● WHAT TO DO
The material below holds pictures; leave them out and reproduce exactly the lines from the one with "Combo Pack of" through the one with "Meet the Bird", inclusive.

● RECORDS TO PROCESS
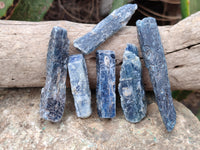 Natural Kyanite Crystals x 2.5 Kg Lot From Karoi, Zimbabwe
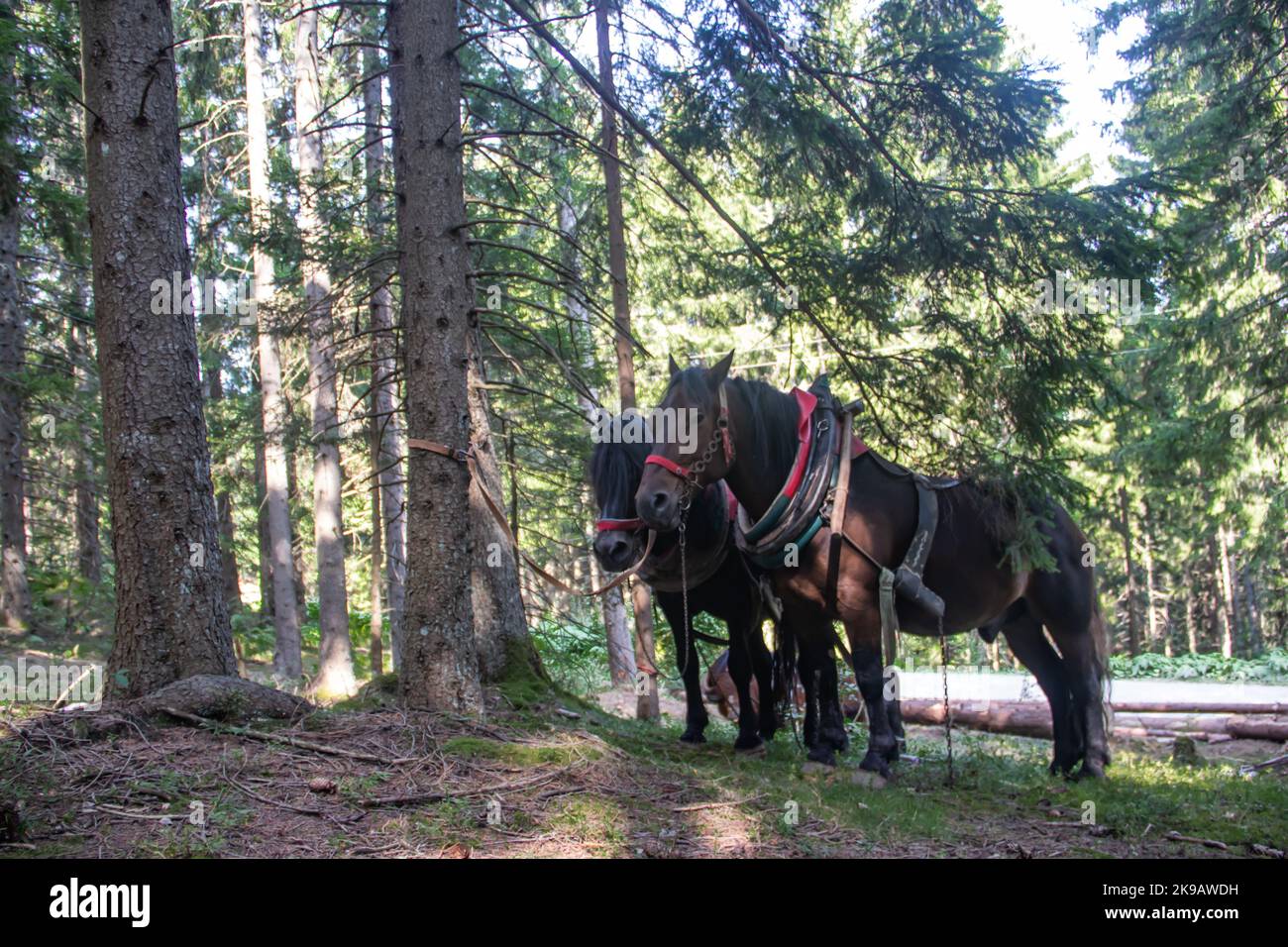 Domestic horses from farm at country side having rest after pulling freshly cut logs and timber from forest to local timber factory for production Stock Photo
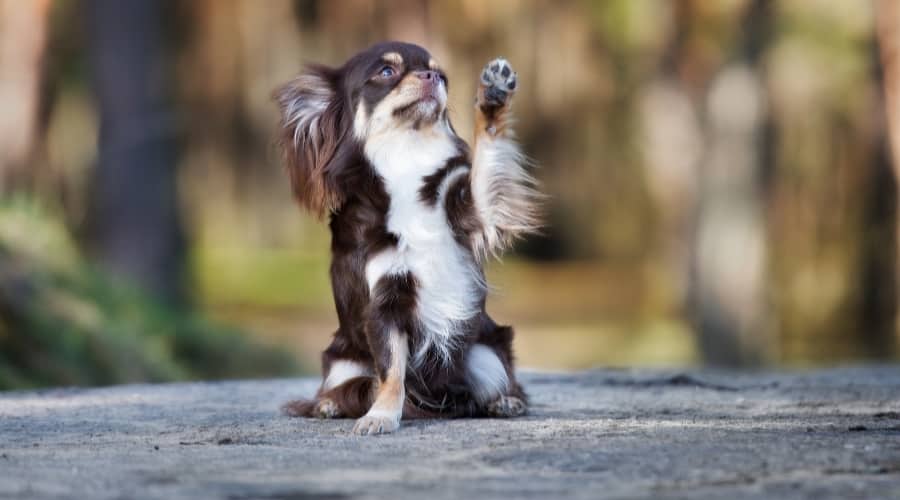 Small Chihuahua During Training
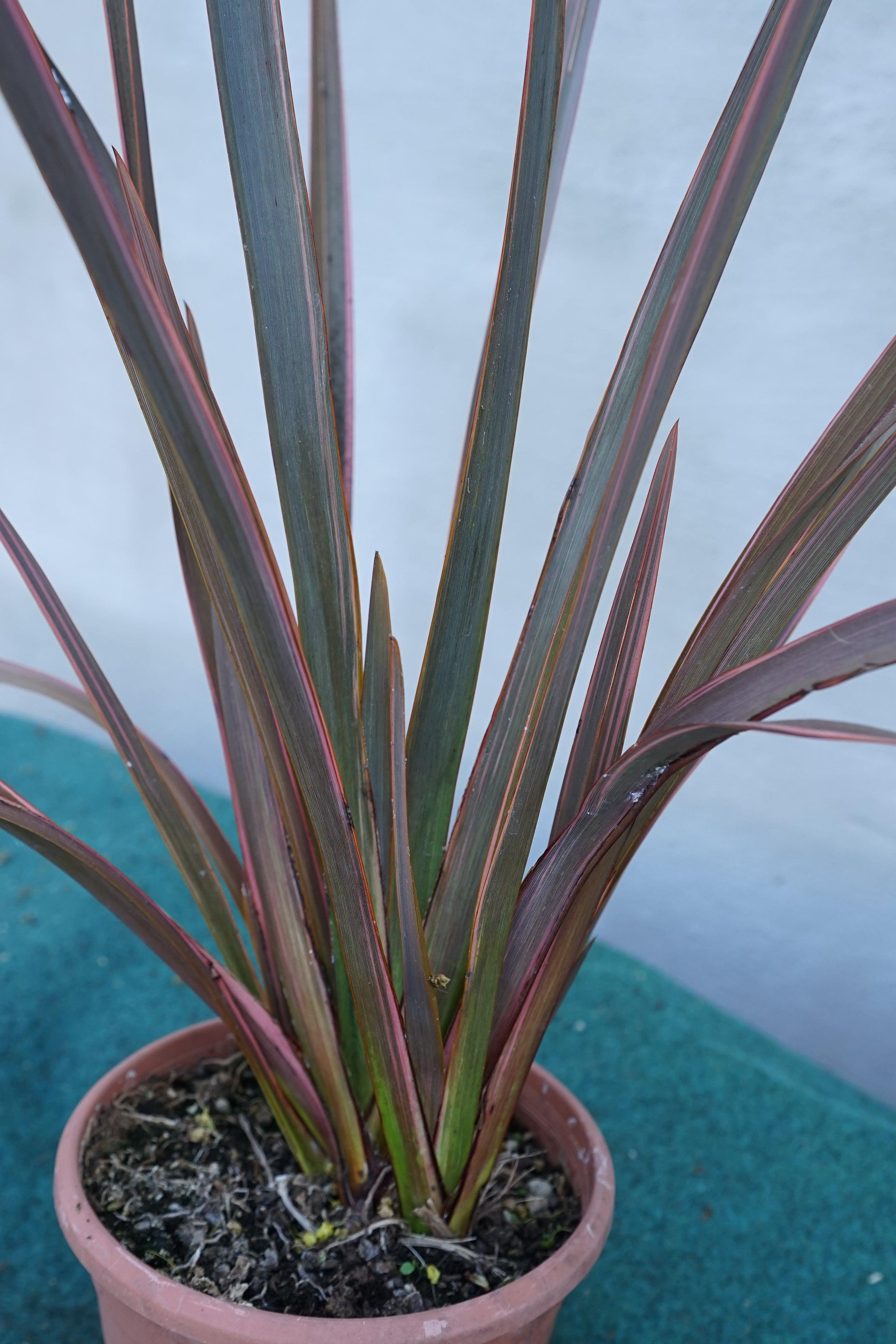 Phormium &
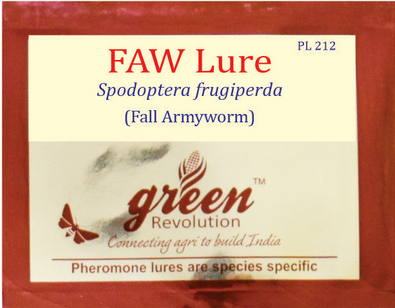 Combo Pack of Funnel Pheromone Trap + FAW Pheromone Lure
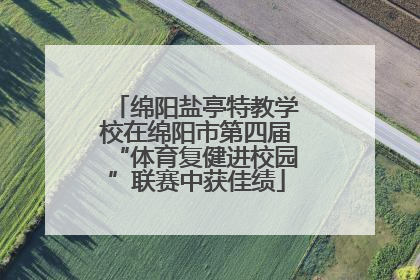 绵阳盐亭特教学校在绵阳市第四届“体育复健进校园”联赛中获佳绩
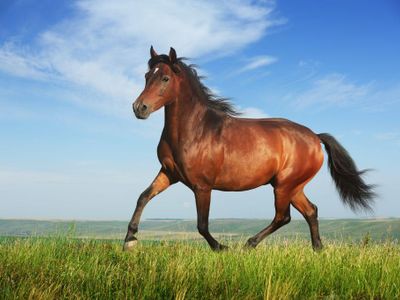 How can you be scared of a tiny dog and not of a domino horse? Trust me, I am like this, and domino horses are massive.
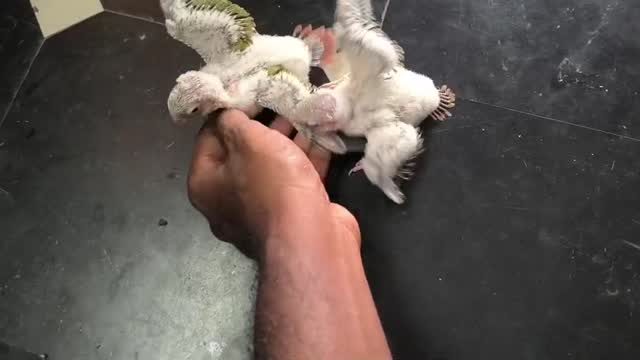 Pineapple Headed Conure, farm video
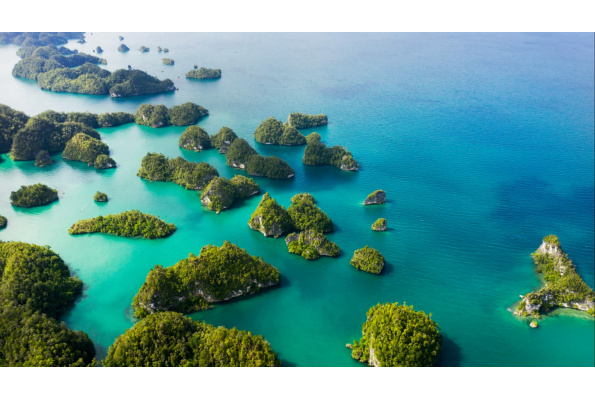 MilleMercisMariage - Cadeau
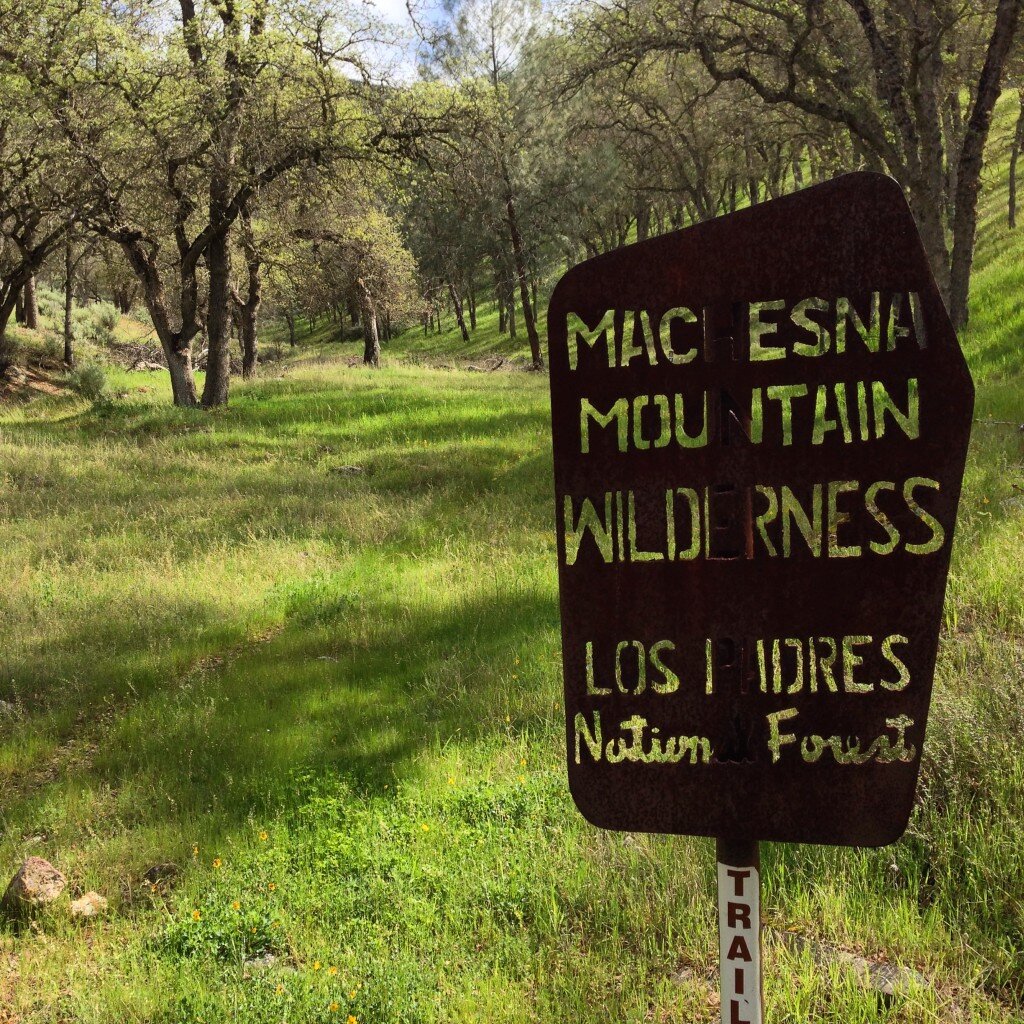 Entering the Machesna Mountain Wilderness from American Canyon Campground.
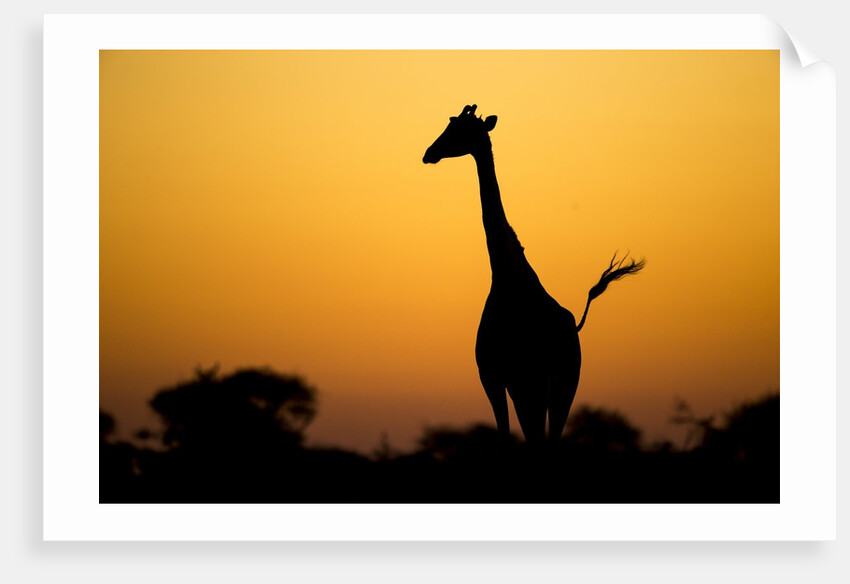 Giraffe, Nxai Pan National Park, Botswana by Anonymous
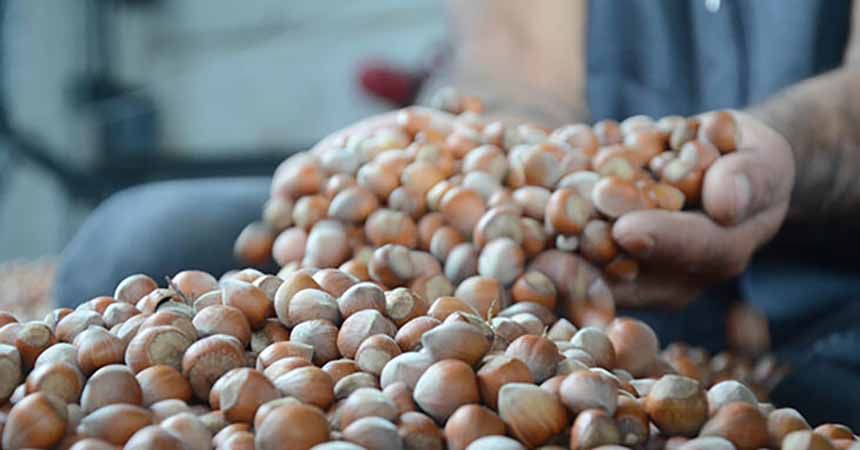 Kabuklu fındık 20 lira oldu Kabuklu fındık 20 lira oldu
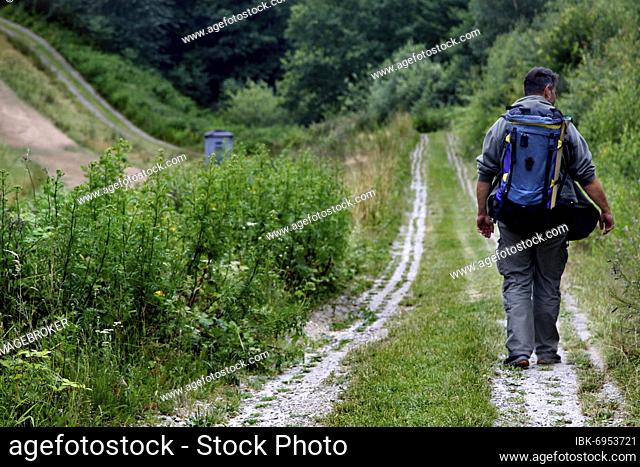 Hiker, man with backpack on Kolonnenweg, Lochplattenweg, inner-German border fortification, death strip, Grünes Band, border trail, Werratal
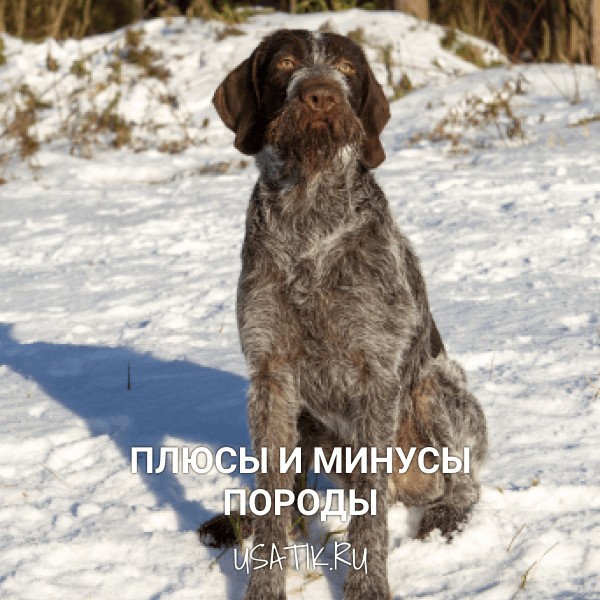 Плюсы и минусы дратхааров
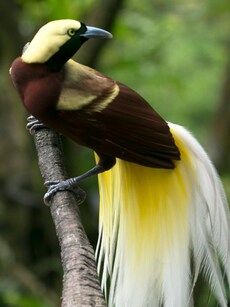 Meet the Bird of Paradise: The Most Beautiful Bird on Earth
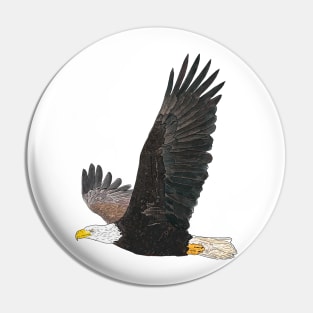 American Bald Eagle Detailed Drawing Pin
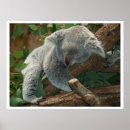 Buscar osos de koala posters Marsupial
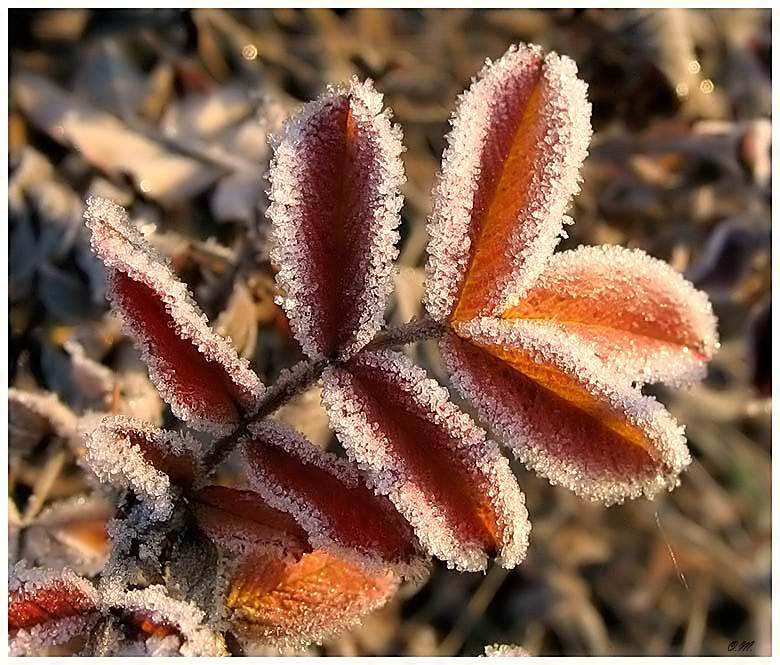 photo "Winter kommt" tags: landscape, macro and close-up, winter
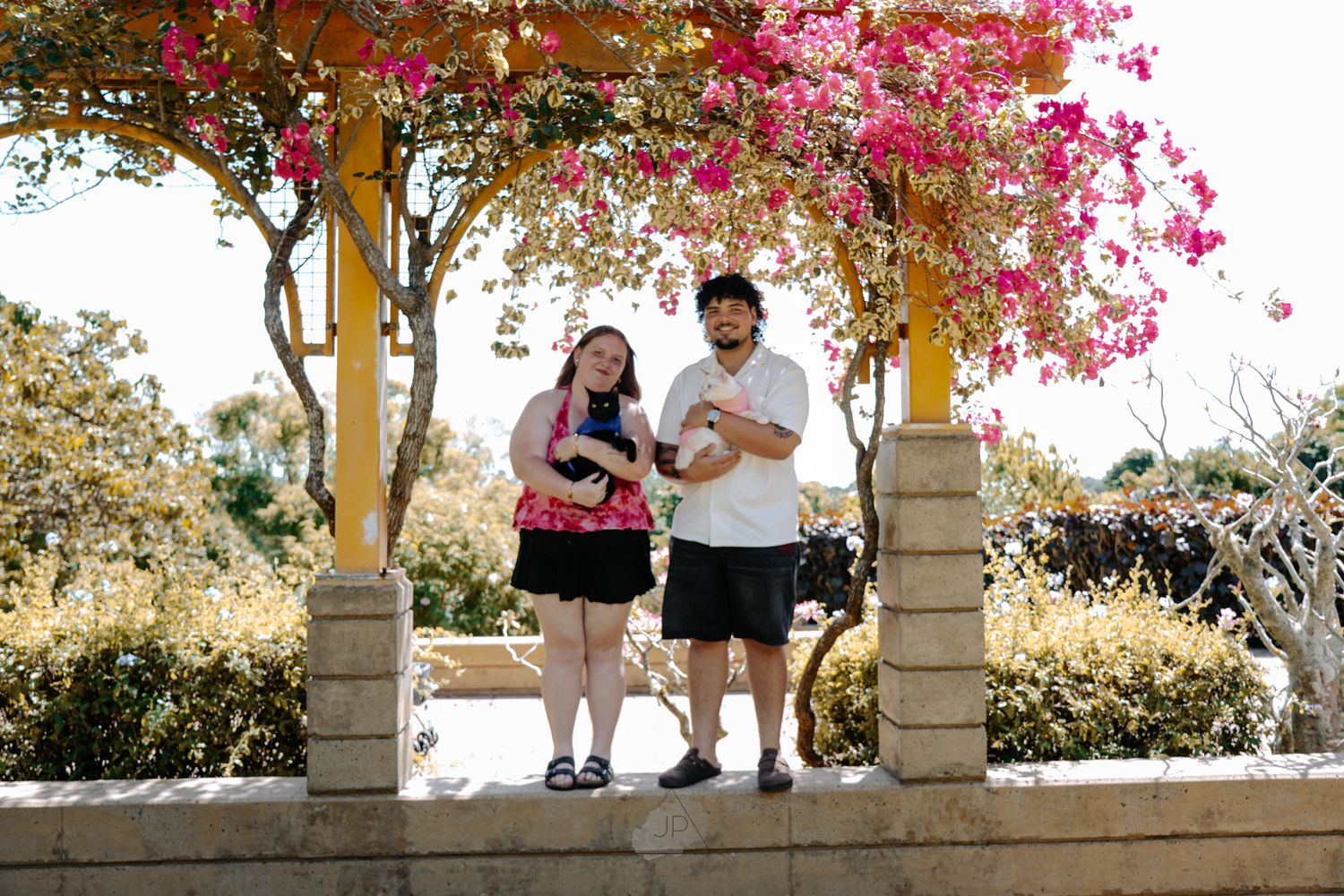 A couple sits under a pergola adorned with vibrant pink bougainvillea flowers in a garden setting.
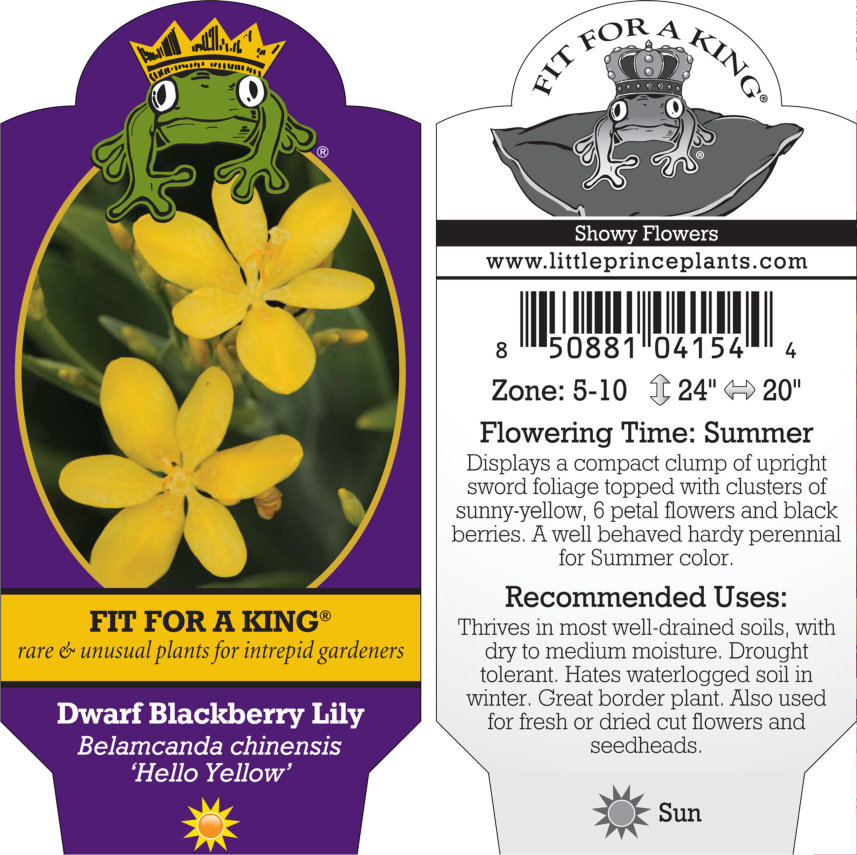 Belamcanda chinensis 'Hello Yellow' - Dwarf Blackberry Lily (4.5" Pot) - Image 4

● TASK RESULT
 Combo Pack of Funnel Pheromone Trap + FAW Pheromone Lure
 绵阳盐亭特教学校在绵阳市第四届“体育复健进校园”联赛中获佳绩
 How can you be scared of a tiny dog and not of a domino horse? Trust me, I am like this, and domino horses are massive.
 Pineapple Headed Conure, farm video
 MilleMercisMariage - Cadeau
 Entering the Machesna Mountain Wilderness from American Canyon Campground.
 Giraffe, Nxai Pan National Park, Botswana by Anonymous
 Kabuklu fındık 20 lira oldu Kabuklu fındık 20 lira oldu
 Hiker, man with backpack on Kolonnenweg, Lochplattenweg, inner-German border fortification, death strip, Grünes Band, border trail, Werratal
 Плюсы и минусы дратхааров
 Meet the Bird of Paradise: The Most Beautiful Bird on Earth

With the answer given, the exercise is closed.